How did you take to things more unique to the gay scene that you wouldn’t have necessarily come across before, like drag queens?
“I didn’t know that so many of my friends love to dress in drag for Halloween and any other chance they get! For me, I love to watch and be a part of the banter, and it’s hilarious, but when I came out I wasn’t like ‘okay I’ve gotta work on my drag name!’ I just kind of go with it.”
Before you came out you didn’t know if you could be this gay sporting role model, but that quickly changed.
“Very quickly, it was a matter of three or four months. It was really just the reaction I had from people, and the courage of the younger generation who have been doing so much with their GSAs and LGBT communities. I was like ‘holy shit, I’m being such a pussy if I don’t go back!’ Excuse my language. I had this platform to actually do so much just by kicking a soccer ball around. I decided I had to at least try
, and if it went bad I would stop.”
Have you had any bad experiences back in the locker room?
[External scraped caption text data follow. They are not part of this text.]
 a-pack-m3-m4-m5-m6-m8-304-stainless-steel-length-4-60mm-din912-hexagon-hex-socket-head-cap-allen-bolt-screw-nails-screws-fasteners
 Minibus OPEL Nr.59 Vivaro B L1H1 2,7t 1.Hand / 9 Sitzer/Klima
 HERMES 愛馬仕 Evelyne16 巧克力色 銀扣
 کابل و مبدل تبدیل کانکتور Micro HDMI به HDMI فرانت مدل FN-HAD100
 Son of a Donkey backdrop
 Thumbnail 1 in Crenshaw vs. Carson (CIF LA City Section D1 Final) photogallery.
“Not in the locker room, no. I’ve heard a few homophobic things in different stadiums, but it’s very rare and they’re often very cowardly about it. I was playing in San Jose and this fan who came to one of my book signings was like ‘I don’t know if you heard this but these two guys were calling you a fag at the game and the whole stadium just turned on them’ and I didn’t hear that but it was awesome to hear then, especially because San Jose are one of our biggest rivals, every time we go there they expand their stadium and there are like 50-thousand people there.”
Something I noticed reading the book, as a gay man and a football fan, is that some football terms which a straight footballer might have glazed over were explained in a lot more detail. Did you come into any difficulty writing for such a diverse readership?
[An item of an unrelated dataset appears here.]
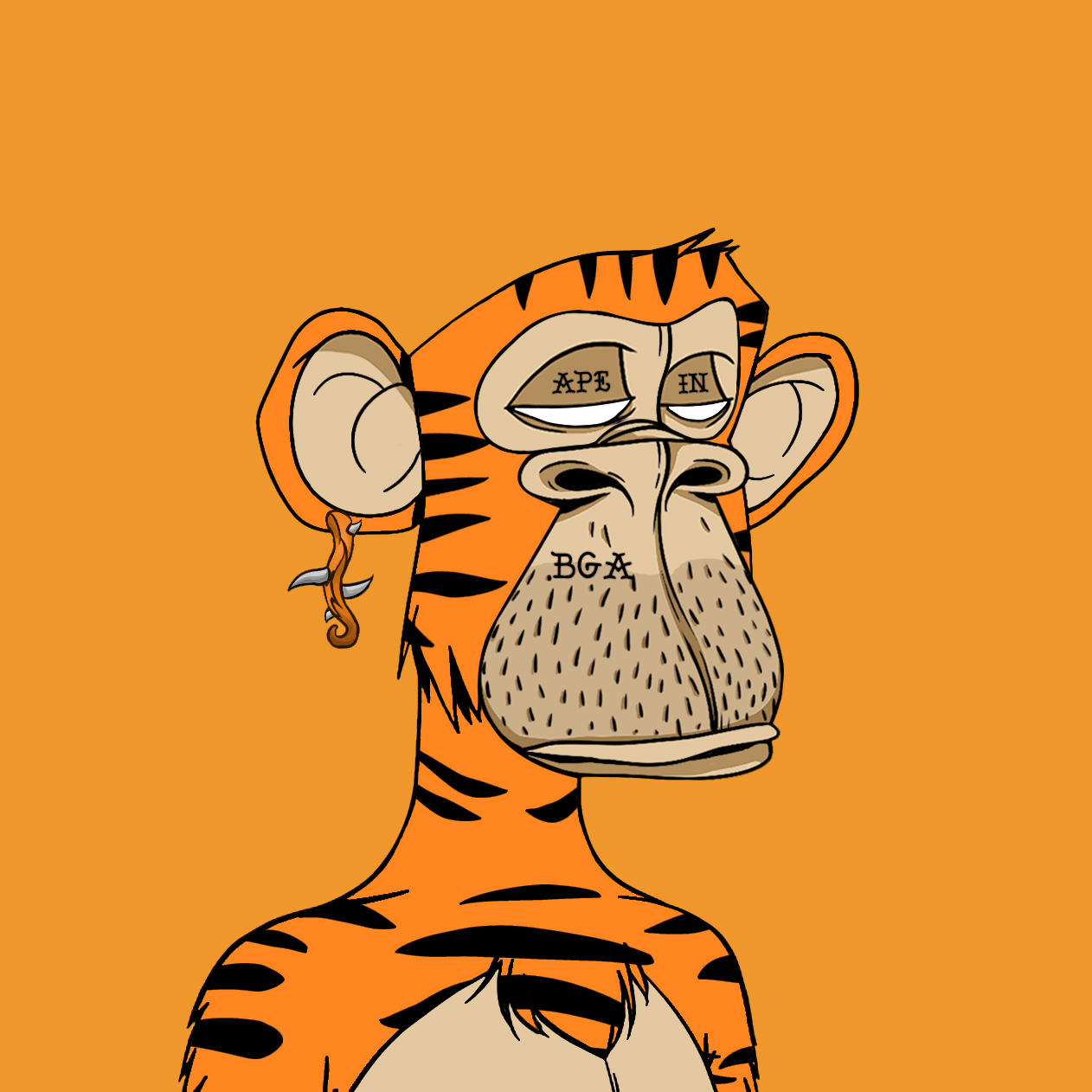 Bored Gutter Ape #82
“Well I did that because I knew the reader would be some footballers, some gay men, some people who have never watched a football game in their life, some people who don’t have any gay friends… I wanted to be as elementary as possible, even though that could be extremely annoying at times, I’d be like ‘fuck we gotta tell them this’ and explain the leagues and all that stuff. It was important to me.”
How do you think straight football fans will relate to your story?
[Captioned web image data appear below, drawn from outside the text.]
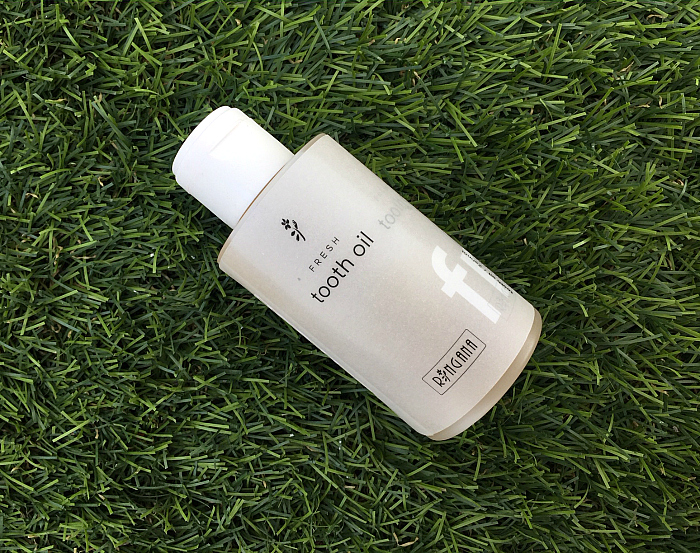 Ringana cosmética natural y suplementos, concepto frescor único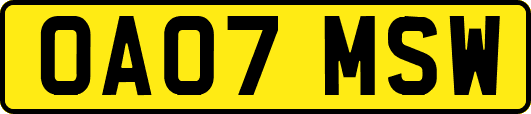 OA07MSW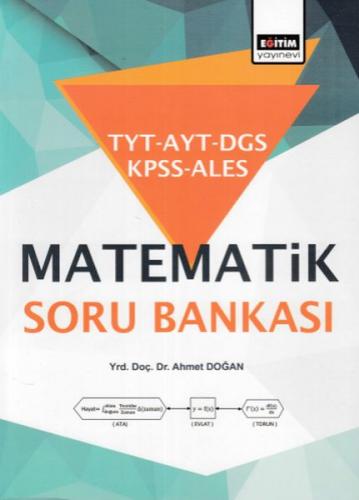 Kurye Kitabevi - Eğitim TYT AYT DGS KPSS ALES Matematik Soru Bankası Y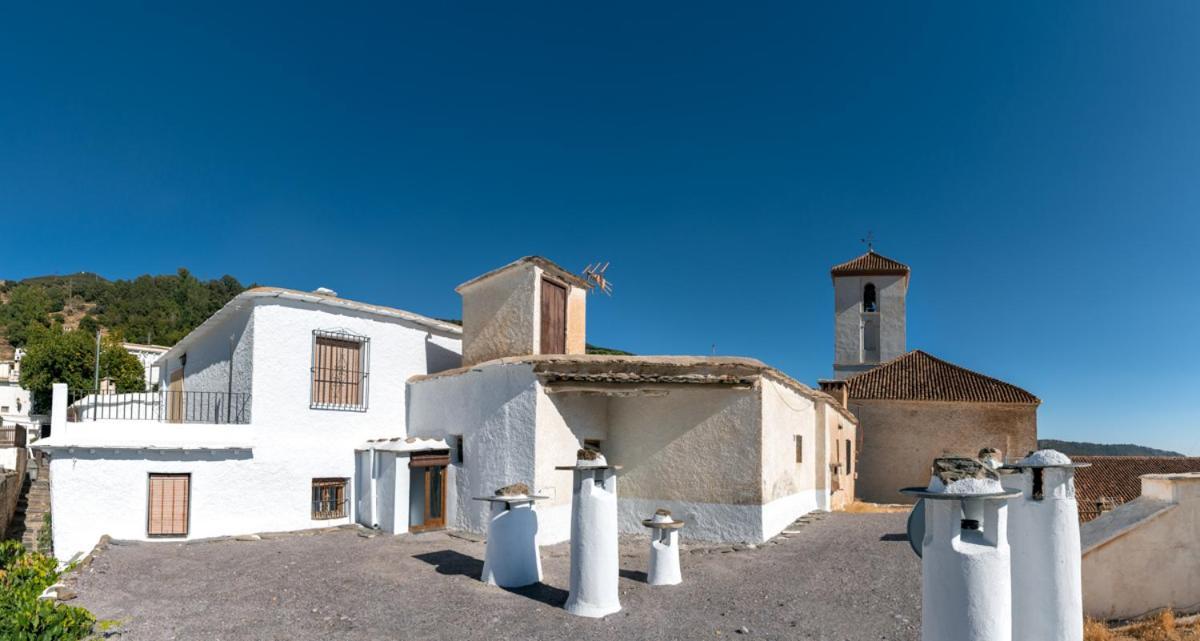 Апартаменты Casa Antonia Capileira La Alpujarra Экстерьер фото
“I honestly think we all have to deal with some kind of coming out in life, whether it’s getting divorced and telling your family, like my mom - she’s super religious and she had a divorce and for her, telling her family was extremely difficult. There’s a whole host of different issues. Mental health too; there’s this awful stigma in sports that if there’s something wrong with you mentally that you’re not a strong athlete, which is so stupid. There are so many issues in our lives that people are afraid to be honest and upfront with people about, and on the whole I think after we do it we feel so much better. That’s what this book is about. It’s not just about an athlete or a gay man, it’s about someone who suffers from something by keeping a secret, and once they told someone it totally changed their life.”
There were so many indicators of gay being ‘unnatural’ when you were growing up - how important is it for parents to reinforce that it’s fine for their kids to be anything they want to be?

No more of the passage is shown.